Records supplied:
=====

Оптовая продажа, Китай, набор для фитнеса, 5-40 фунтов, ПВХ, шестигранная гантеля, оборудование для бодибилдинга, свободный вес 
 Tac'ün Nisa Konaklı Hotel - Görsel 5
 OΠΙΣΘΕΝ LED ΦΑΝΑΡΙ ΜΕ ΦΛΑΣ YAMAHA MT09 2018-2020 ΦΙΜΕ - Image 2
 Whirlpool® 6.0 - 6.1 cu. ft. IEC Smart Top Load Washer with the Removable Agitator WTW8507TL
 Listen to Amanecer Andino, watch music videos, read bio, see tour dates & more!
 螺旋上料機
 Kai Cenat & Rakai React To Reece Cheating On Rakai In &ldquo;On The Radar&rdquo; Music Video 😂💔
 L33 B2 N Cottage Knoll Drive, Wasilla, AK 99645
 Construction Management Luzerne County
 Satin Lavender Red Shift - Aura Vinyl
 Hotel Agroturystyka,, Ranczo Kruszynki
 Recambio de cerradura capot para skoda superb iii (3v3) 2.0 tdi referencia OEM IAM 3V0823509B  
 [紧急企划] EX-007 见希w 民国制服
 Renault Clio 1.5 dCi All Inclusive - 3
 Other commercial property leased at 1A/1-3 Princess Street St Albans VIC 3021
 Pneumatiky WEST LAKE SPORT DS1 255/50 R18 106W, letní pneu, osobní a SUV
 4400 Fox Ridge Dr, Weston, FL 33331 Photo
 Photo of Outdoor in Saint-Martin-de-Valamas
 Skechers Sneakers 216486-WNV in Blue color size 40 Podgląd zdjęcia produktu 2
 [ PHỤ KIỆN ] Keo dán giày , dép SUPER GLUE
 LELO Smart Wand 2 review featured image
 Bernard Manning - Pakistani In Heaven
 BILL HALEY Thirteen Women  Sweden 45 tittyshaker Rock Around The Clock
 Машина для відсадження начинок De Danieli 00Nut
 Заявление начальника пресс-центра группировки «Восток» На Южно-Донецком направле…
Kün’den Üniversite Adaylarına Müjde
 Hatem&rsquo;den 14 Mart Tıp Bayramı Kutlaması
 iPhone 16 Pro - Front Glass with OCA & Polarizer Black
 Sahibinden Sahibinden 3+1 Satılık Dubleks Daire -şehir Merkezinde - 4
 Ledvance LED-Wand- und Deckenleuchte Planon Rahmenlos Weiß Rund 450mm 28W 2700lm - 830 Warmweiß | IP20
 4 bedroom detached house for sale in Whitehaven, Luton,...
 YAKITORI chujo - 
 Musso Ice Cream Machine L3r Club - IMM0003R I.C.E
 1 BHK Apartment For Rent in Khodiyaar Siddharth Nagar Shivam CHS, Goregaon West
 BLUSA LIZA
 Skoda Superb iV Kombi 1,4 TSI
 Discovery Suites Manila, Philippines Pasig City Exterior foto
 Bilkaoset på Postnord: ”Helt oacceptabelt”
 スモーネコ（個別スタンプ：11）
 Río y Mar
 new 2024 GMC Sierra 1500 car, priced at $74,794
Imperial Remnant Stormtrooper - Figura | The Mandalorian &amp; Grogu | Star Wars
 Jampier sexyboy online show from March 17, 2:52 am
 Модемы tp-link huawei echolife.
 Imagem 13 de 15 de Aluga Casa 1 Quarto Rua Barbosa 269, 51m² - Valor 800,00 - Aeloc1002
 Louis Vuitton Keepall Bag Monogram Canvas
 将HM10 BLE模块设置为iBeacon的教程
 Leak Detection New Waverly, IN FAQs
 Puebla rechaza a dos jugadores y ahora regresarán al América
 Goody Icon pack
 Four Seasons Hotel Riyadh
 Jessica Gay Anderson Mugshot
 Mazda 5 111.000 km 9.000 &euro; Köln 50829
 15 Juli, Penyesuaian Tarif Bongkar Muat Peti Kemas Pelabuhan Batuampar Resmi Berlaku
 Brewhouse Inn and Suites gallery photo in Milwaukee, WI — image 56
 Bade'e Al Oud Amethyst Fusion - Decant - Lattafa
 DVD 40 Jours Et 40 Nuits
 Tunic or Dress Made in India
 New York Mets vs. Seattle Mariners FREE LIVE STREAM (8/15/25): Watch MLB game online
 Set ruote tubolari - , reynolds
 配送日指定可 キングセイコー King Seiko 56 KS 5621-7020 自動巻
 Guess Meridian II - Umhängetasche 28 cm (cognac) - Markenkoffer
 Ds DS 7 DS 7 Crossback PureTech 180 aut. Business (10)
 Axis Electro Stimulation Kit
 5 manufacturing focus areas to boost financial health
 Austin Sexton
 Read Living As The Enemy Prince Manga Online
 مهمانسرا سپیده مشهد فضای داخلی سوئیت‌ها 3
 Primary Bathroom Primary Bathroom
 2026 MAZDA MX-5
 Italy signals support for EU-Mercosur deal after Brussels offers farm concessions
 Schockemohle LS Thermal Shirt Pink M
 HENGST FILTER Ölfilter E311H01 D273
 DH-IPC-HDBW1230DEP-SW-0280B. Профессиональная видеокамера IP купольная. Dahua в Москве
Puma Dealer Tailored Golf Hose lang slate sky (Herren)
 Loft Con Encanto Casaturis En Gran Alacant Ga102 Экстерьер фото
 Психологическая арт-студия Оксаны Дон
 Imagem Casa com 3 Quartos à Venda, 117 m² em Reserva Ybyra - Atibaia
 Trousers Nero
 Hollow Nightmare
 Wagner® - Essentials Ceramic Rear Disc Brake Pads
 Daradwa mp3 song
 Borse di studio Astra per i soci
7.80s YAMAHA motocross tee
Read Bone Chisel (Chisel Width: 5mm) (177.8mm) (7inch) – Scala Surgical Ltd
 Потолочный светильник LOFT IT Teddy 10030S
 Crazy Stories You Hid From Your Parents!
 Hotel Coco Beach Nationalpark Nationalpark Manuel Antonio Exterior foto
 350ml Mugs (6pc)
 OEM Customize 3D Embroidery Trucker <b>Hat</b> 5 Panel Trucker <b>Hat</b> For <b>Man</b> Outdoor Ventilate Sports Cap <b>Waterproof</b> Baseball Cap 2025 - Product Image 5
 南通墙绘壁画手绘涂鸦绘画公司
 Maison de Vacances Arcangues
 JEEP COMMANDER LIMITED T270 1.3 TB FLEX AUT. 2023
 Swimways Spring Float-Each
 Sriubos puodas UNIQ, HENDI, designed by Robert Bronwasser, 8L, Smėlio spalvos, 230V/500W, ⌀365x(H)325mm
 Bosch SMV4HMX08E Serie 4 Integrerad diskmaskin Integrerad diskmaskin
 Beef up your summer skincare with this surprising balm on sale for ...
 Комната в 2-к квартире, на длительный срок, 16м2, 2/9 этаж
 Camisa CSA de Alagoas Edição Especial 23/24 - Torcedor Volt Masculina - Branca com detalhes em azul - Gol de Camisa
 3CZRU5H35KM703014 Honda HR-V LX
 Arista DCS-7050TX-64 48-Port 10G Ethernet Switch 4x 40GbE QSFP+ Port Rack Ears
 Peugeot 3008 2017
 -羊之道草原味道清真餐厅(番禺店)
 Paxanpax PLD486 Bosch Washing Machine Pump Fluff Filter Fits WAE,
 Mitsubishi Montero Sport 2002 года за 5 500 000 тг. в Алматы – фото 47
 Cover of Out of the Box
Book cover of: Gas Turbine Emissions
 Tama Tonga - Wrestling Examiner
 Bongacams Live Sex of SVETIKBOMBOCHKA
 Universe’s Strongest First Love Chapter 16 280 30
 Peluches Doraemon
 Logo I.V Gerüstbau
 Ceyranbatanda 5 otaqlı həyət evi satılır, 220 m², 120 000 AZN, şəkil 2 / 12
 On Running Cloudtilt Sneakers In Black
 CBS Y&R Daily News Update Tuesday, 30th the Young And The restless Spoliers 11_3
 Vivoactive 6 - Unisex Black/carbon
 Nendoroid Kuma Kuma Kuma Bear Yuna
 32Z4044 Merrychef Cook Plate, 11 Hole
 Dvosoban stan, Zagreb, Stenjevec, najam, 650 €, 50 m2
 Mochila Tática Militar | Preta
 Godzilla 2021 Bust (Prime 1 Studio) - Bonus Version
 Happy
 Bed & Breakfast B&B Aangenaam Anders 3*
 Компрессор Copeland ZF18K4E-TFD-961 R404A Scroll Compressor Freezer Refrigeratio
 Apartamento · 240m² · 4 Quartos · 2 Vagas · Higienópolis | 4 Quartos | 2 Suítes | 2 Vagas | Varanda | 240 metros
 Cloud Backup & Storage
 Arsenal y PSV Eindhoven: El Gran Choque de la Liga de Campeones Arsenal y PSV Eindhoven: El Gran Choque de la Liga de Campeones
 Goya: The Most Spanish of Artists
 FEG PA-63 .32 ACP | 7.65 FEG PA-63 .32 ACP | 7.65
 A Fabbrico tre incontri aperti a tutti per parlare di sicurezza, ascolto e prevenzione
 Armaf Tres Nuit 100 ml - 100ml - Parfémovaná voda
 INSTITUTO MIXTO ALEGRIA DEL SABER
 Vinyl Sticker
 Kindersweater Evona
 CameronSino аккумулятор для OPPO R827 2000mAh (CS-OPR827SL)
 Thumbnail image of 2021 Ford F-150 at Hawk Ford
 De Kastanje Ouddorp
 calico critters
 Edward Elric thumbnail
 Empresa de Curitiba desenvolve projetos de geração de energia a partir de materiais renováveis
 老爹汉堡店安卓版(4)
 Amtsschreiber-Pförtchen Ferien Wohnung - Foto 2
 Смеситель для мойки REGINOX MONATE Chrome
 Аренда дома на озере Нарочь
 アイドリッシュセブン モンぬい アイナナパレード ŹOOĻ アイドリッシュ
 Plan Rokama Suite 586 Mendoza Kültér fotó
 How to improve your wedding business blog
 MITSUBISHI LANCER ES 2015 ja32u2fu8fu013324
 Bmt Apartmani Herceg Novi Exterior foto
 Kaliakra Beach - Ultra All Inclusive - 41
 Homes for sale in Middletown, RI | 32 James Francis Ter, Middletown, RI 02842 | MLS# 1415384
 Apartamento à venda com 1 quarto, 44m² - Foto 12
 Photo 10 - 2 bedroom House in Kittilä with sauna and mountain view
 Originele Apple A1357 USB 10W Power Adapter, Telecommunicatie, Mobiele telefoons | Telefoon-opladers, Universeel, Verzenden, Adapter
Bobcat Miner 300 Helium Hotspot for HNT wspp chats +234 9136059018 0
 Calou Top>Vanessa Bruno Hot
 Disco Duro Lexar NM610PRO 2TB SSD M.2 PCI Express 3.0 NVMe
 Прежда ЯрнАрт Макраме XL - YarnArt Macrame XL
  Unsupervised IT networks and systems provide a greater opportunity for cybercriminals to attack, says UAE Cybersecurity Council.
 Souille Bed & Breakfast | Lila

=====

Problem: Which lines above run from the one containing "Book cover of: Gas Turbine Emissions" to the one containing "A Fabbrico tre"? Give them again exactly, both ends included.

Reply:
Book cover of: Gas Turbine Emissions
 Tama Tonga - Wrestling Examiner
 Bongacams Live Sex of SVETIKBOMBOCHKA
 Universe’s Strongest First Love Chapter 16 280 30
 Peluches Doraemon
 Logo I.V Gerüstbau
 Ceyranbatanda 5 otaqlı həyət evi satılır, 220 m², 120 000 AZN, şəkil 2 / 12
 On Running Cloudtilt Sneakers In Black
 CBS Y&R Daily News Update Tuesday, 30th the Young And The restless Spoliers 11_3
 Vivoactive 6 - Unisex Black/carbon
 Nendoroid Kuma Kuma Kuma Bear Yuna
 32Z4044 Merrychef Cook Plate, 11 Hole
 Dvosoban stan, Zagreb, Stenjevec, najam, 650 €, 50 m2
 Mochila Tática Militar | Preta
 Godzilla 2021 Bust (Prime 1 Studio) - Bonus Version
 Happy
 Bed & Breakfast B&B Aangenaam Anders 3*
 Компрессор Copeland ZF18K4E-TFD-961 R404A Scroll Compressor Freezer Refrigeratio
 Apartamento · 240m² · 4 Quartos · 2 Vagas · Higienópolis | 4 Quartos | 2 Suítes | 2 Vagas | Varanda | 240 metros
 Cloud Backup & Storage
 Arsenal y PSV Eindhoven: El Gran Choque de la Liga de Campeones Arsenal y PSV Eindhoven: El Gran Choque de la Liga de Campeones
 Goya: The Most Spanish of Artists
 FEG PA-63 .32 ACP | 7.65 FEG PA-63 .32 ACP | 7.65
 A Fabbrico tre incontri aperti a tutti per parlare di sicurezza, ascolto e prevenzione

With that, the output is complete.